What does machine learning mean for financial markets?
Machine learning brings many new tools. Having said that, I would argue that finance has implicitly used machine learning principles from the beginning. Chicago Booth’s Eugene F. Fama and Dartmouth’s Kenneth R. French selected three variables out of thousands as important for explaining changes in asset returns. They did it using economic acumen, but in exactly the same spirit. What they effectively did was a form of variable selection that is now streamlined by ML. Machines are imitating what humans were already doing.

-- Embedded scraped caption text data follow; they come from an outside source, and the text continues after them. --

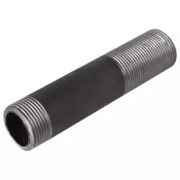 Резьба Ду 25 (1) ГОСТ 8969-75 L=54 мм PROFLINE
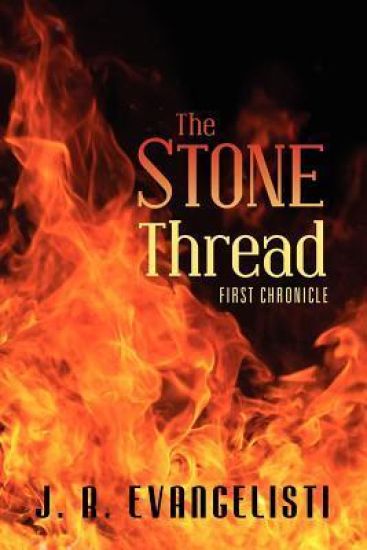 The Stone Thread
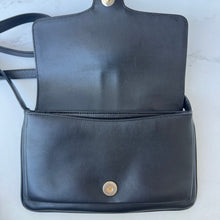Load image into Gallery viewer, Gucci GG Arli Crossbody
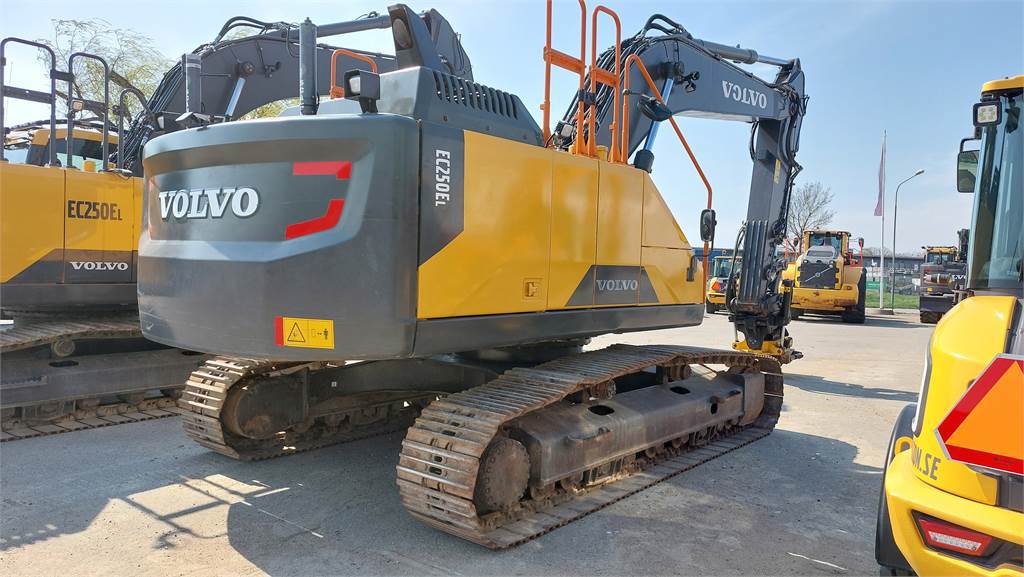 volvo-ec-de66,ec250e_320134-ec250el320134(5).jpg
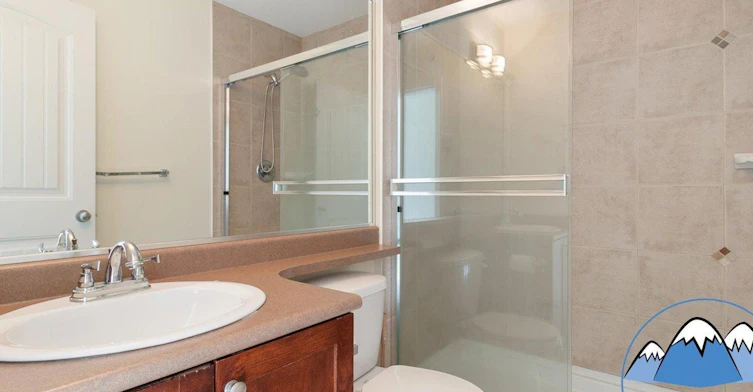 38-20159 68 Avenue, Langley, BC, V2Y 3H9 - 11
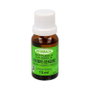 INTEGRALIA Huile essentielle de Gingembre ECO 15ml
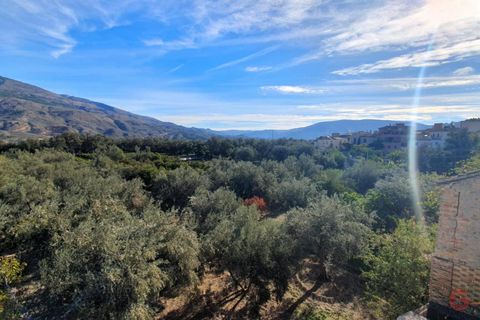 Villa i Pinar, Granada, Pinar - € 265.000 | Ref: L648 - foto 8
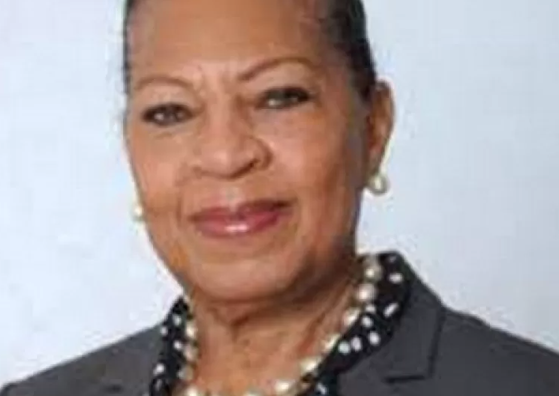 Board member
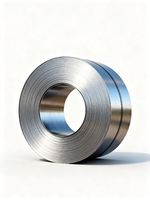 Tôles d'acier au carbone laminées à chaud ASTM A36 S335 SS400, plaque d'acier SAE 1006 MS HR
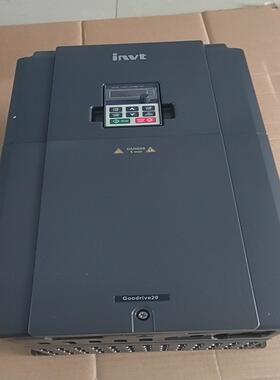 【星慕电子】英威腾变频器 GD20系列   GD20-030G-4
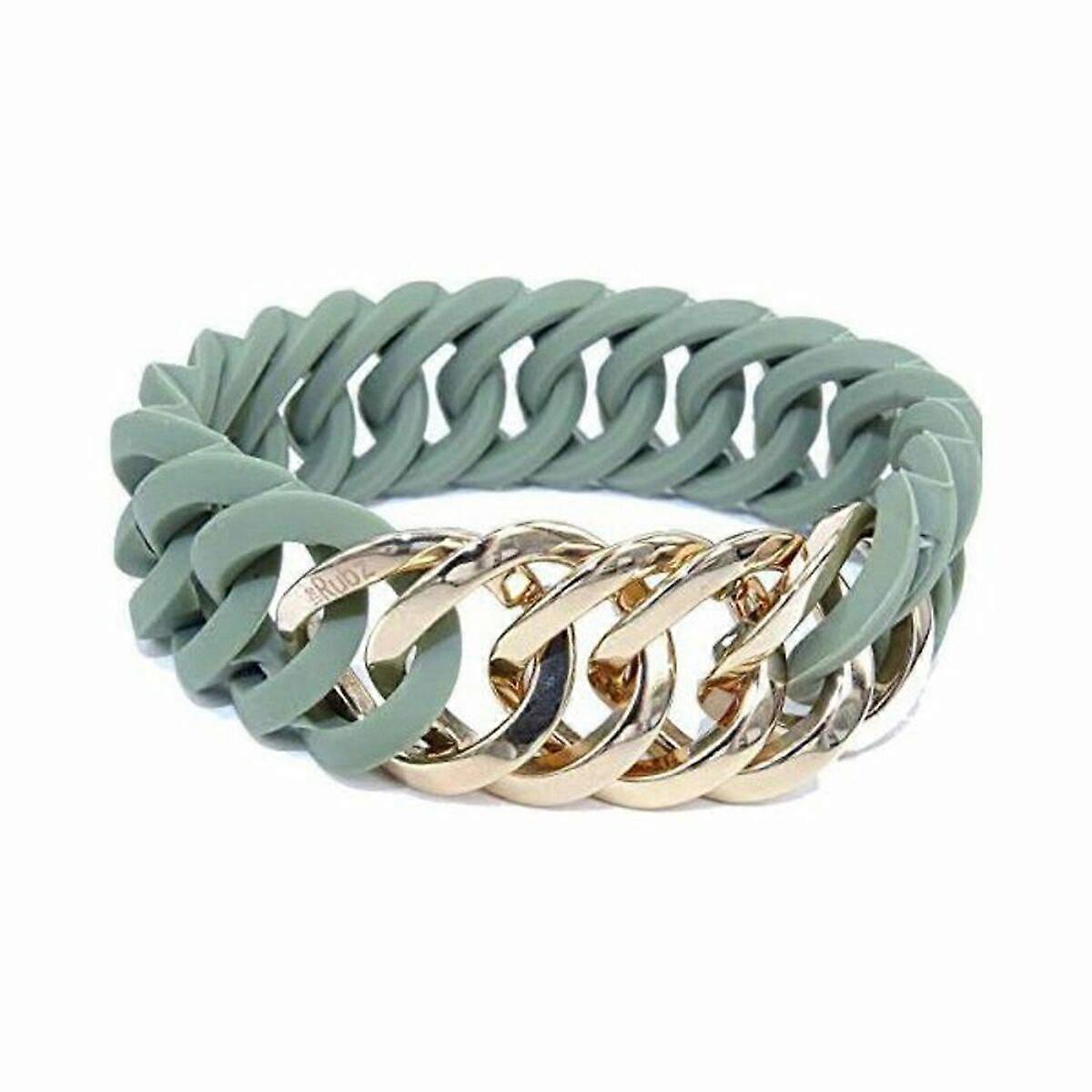 Bracelet TheRubz 100469 25 mm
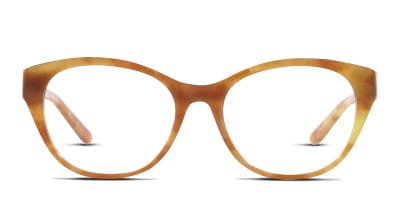 【送料,関税込】 Chloe メガネ CH0052O 送料,関税込】 Chloe メガネ CH0052O (Chloe/メガネ) 92281372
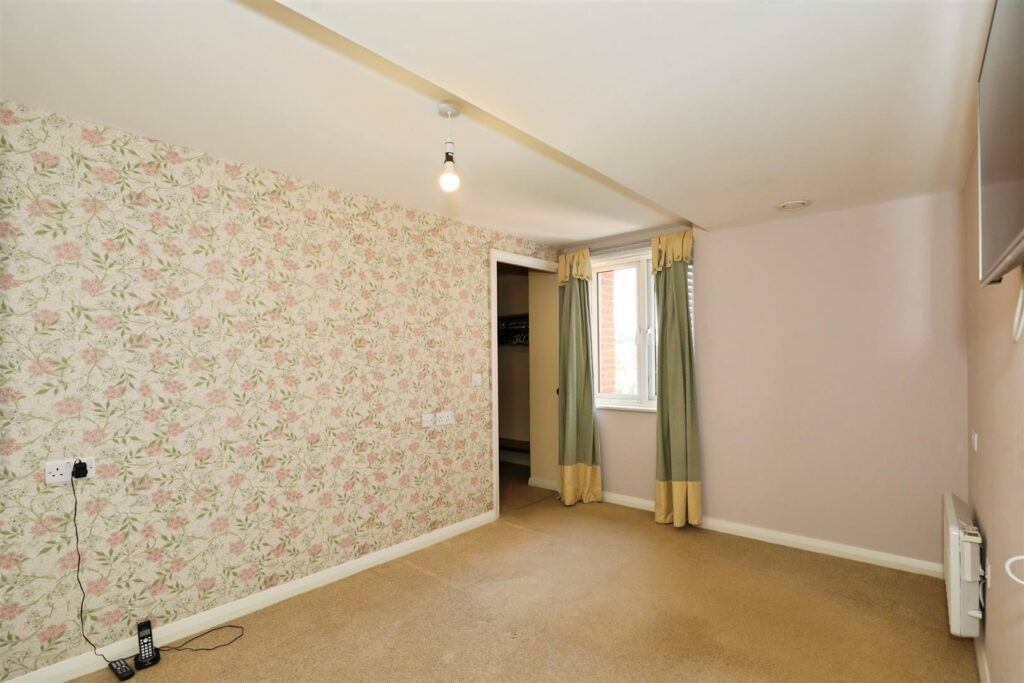 Dane Court, 21 Mill Green, Congleton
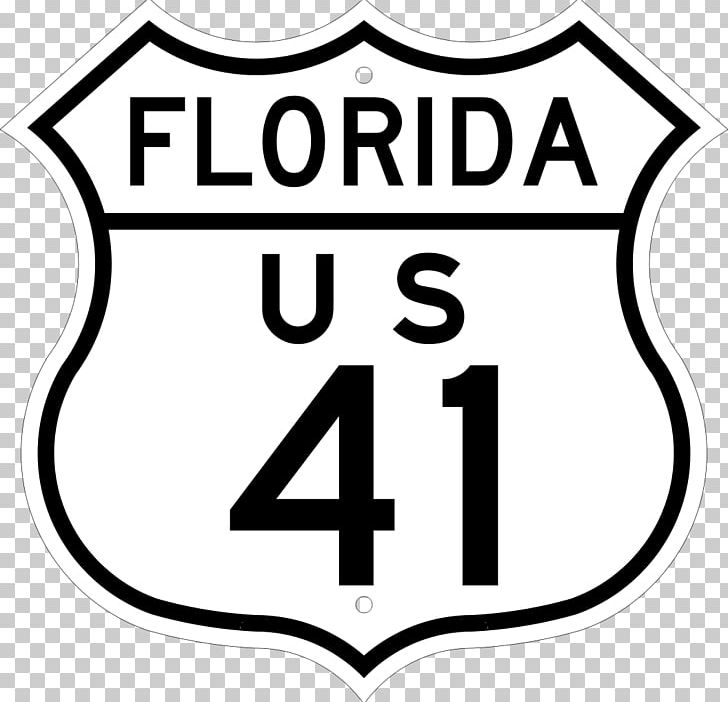 U.S. Route 66 U.S. Route 68 New York State Route 108 U.S. Route 101 US Numbered Highways PNG, Clipart, Black, Black And White, Brand, Controlledaccess Highway, Highway Free PNG Download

The industry has long borrowed insights from academic research such as Harry Markowitz’s modern portfolio theory, the Black-Scholes formula used in options markets, and the Fama-French factor model. But when it comes to ML, six years ago, industry (or at least parts of it) was leading academic researchers. I once had the head of a major hedge fund say that he didn’t even read academic financial papers.
Brian T. Kelly from Yale University and I decided to write a paper introducing ML to academic finance. How do you use hundreds of variables to make better predictions about returns? That’s where we started. From there, we established a rationale for adopting that approach. The paper has attracted the attention of academics and Wall Street, indicating growing interest in the field. We recently co-authored a study summarizing the latest developments to date.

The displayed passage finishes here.